Republicans prefer 2024 nominee who shares their views: poll


A majority of Republicans are more interested in choosing a 2024 presidential candidate who is sympathetic to their views than someone who has a strong chance of defeating President Biden, according to a poll released Tuesday.

The CNN/SSRS poll of Republicans and GOP-leaning independents shows that 59% think it is more important for the party to nominate a candidate who shares its position on key issues, while 41% think the party should choose a candidate who can beat Biden.

This contrasts with the thinking of Democrats in March 2020, when 65% said in the same poll that it was more important that the party nominate someone who could defeat then-President Donald Trump, while only 29% said so. Said it is more important to exclude the share of the Democratic candidate. Same positions on the issues. 65% got their wish, as Biden, 80, won the nomination and defeated Trump, now 76, in the general election.

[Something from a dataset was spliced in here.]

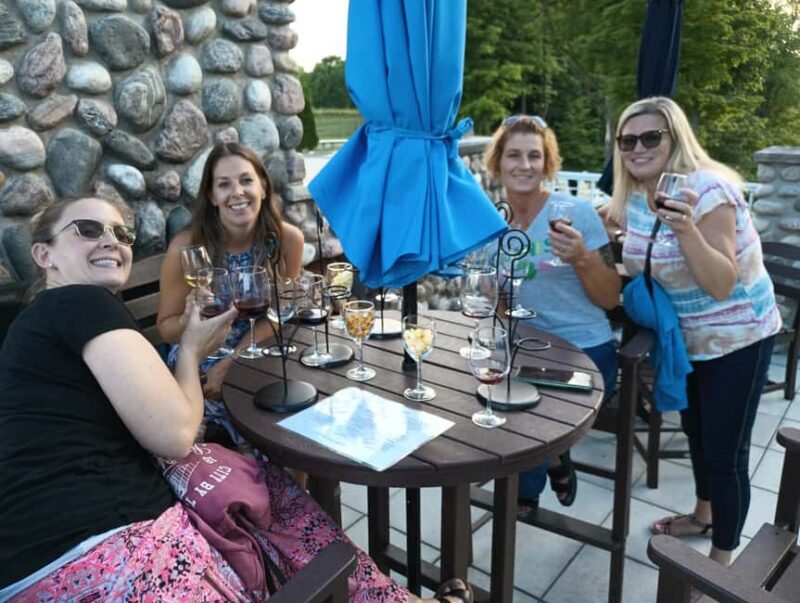 NON BUS Traverse City Leelanau Peninsula Sunset Wine Tour - Who Should Consider This Tour?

Former President Donald Trump, shown campaigning in Pennsylvania during the 2016 election, has a 40% to 36% lead over Florida Governor Ron DeSantis for the 2024 Republican presidential nomination.
Getty Images

A large majority of Republicans — 87% — believe it is “essential” that a candidate demonstrate the mental acuity and physical strength needed to serve as president, while 58% believe the party’s standard-bearer should have Social Security. And must promise to preserve Medicare.

Smaller numbers believe it is “essential” that the nominee represents the future of the party (57%), support government action to oppose “woke” values ​​(54%), than the party (54%). Gains outside support, and reinstates the Trump administration. policies (43%).

Another 44% say it is “important, but not essential” that the candidate believes the U.S. should not get involved in a war between Russia and Ukraine, while 36% nominate this position as “necessary.” They see

The poll shows Trump slightly leading Florida Gov. Ron DeSantis (40% to 36%) among national Republicans, while no other potential GOP contender is in double digits.

Gov. Ron DeSantis greets supporters in Florida on March 8.
Governor Ron DeSantis greets supporters in Florida on March 8.

Former U.S. Ambassador to the United Nations Nikki Haley and former Vice President Mike Pence come in at 6%, while Sen. Tim Scott (R-SC) and New Hampshire Gov. Chris Sunu get 2%.

They are followed at 1% by former Arkansas Gov. Asa Hutchinson, former Secretary of State Mike Pompeo and Virginia Gov. Glenn Youngkin.

While Trump tops DeSantis in the polls, the governor holds an edge when voters’ other choices are taken into account, with 65% saying DeSantis would be their top two choices to be the GOP standard-bearer in 2024. is one of — while 59% say Trump is one of their top two.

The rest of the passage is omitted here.